**Brief**
Within the entries below, please return exactly the lines from the one with "titmouse-song" through the one with "Crossing Waves LED Linear Suspension", leaving out any pictures.

**Provided information**
= Beginning of Section =

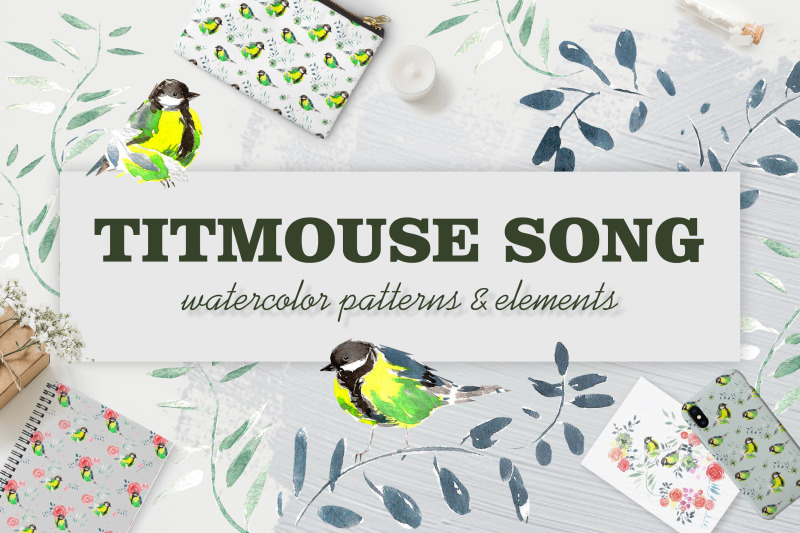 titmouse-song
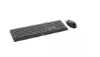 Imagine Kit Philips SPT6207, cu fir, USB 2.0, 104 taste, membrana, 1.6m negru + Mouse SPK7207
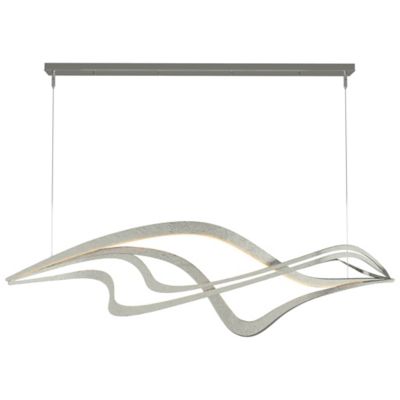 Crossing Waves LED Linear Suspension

= End of Section =
= Beginning of Section =

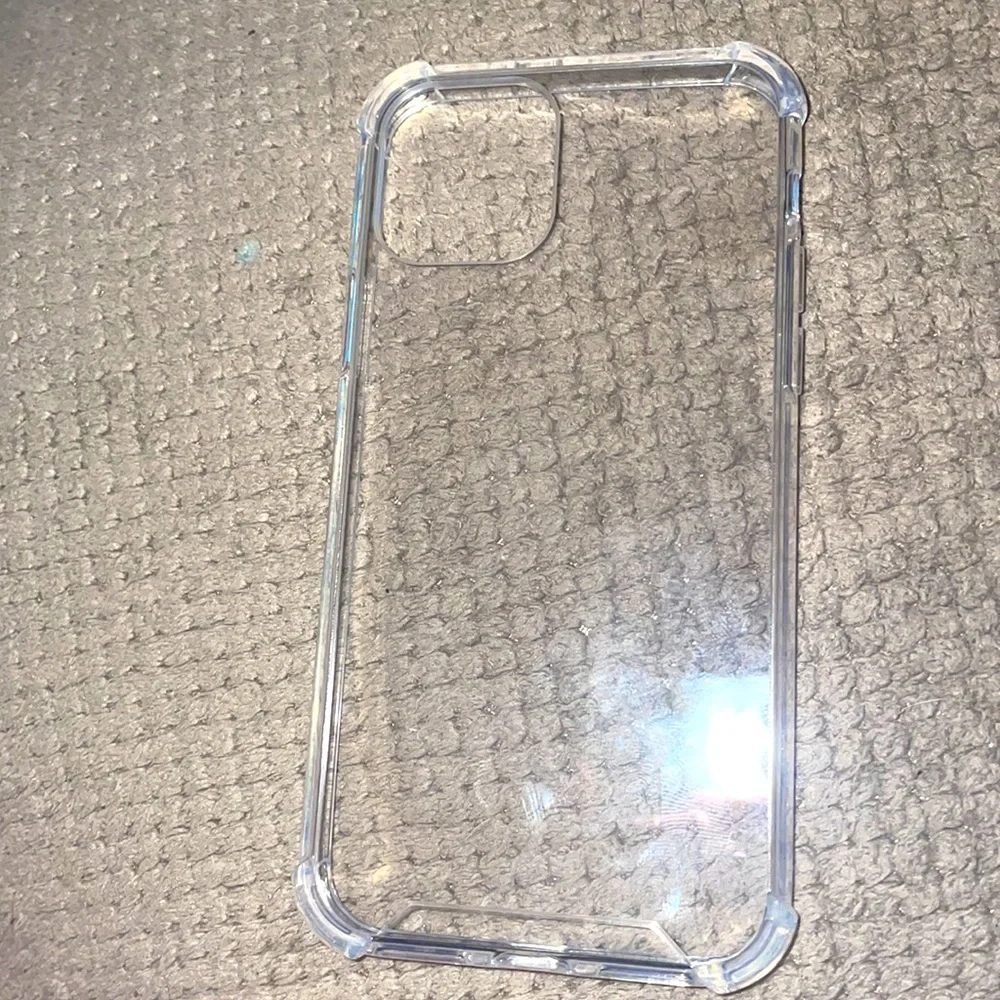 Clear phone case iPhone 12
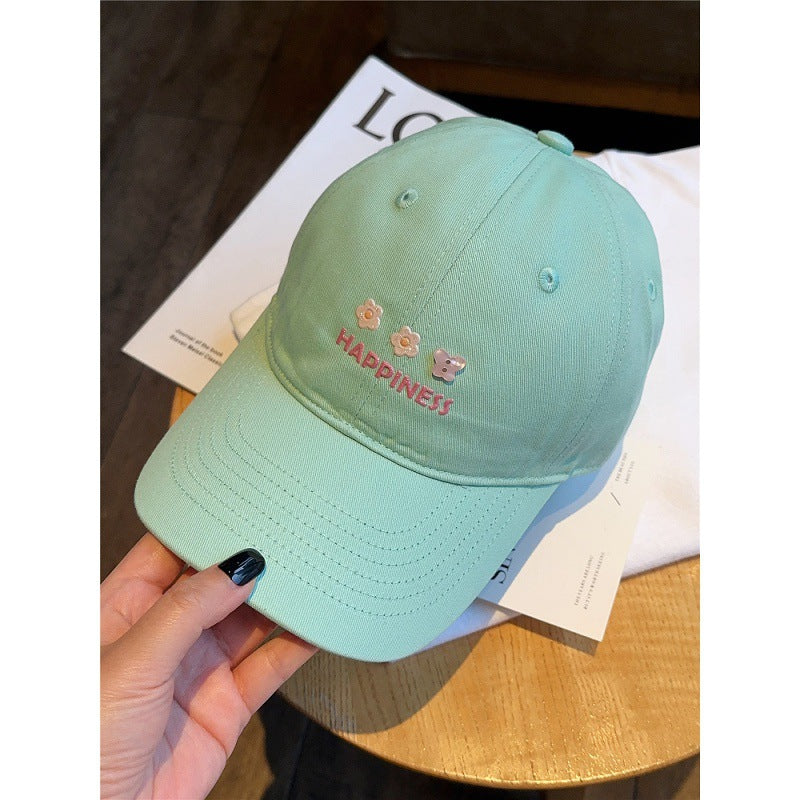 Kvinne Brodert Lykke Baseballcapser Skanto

= End of Section =

**Final answer**
 titmouse-song
 Imagine Kit Philips SPT6207, cu fir, USB 2.0, 104 taste, membrana, 1.6m negru + Mouse SPK7207
 Crossing Waves LED Linear Suspension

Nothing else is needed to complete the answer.